----- Input data

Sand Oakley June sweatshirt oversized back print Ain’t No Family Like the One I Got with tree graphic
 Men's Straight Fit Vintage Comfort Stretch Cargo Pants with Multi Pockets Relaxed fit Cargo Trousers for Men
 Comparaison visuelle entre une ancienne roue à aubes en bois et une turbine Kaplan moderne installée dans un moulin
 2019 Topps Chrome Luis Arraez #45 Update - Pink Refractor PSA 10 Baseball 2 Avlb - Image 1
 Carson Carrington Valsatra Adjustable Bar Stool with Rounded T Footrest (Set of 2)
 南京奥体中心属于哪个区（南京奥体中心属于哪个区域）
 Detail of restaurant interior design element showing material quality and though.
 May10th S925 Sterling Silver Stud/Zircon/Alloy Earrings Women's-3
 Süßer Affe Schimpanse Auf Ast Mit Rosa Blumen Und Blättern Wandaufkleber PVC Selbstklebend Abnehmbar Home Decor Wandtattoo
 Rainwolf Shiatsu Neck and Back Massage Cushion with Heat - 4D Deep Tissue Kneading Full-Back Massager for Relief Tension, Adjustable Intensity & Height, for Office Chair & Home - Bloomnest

----------

Problem details:
Extract every line from the one with "Men's Straight Fit" down to the final line above, both included, exactly as written.

Answer to this task:
 Men's Straight Fit Vintage Comfort Stretch Cargo Pants with Multi Pockets Relaxed fit Cargo Trousers for Men
 Comparaison visuelle entre une ancienne roue à aubes en bois et une turbine Kaplan moderne installée dans un moulin
 2019 Topps Chrome Luis Arraez #45 Update - Pink Refractor PSA 10 Baseball 2 Avlb - Image 1
 Carson Carrington Valsatra Adjustable Bar Stool with Rounded T Footrest (Set of 2)
 南京奥体中心属于哪个区（南京奥体中心属于哪个区域）
 Detail of restaurant interior design element showing material quality and though.
 May10th S925 Sterling Silver Stud/Zircon/Alloy Earrings Women's-3
 Süßer Affe Schimpanse Auf Ast Mit Rosa Blumen Und Blättern Wandaufkleber PVC Selbstklebend Abnehmbar Home Decor Wandtattoo
 Rainwolf Shiatsu Neck and Back Massage Cushion with Heat - 4D Deep Tissue Kneading Full-Back Massager for Relief Tension, Adjustable Intensity & Height, for Office Chair & Home - Bloomnest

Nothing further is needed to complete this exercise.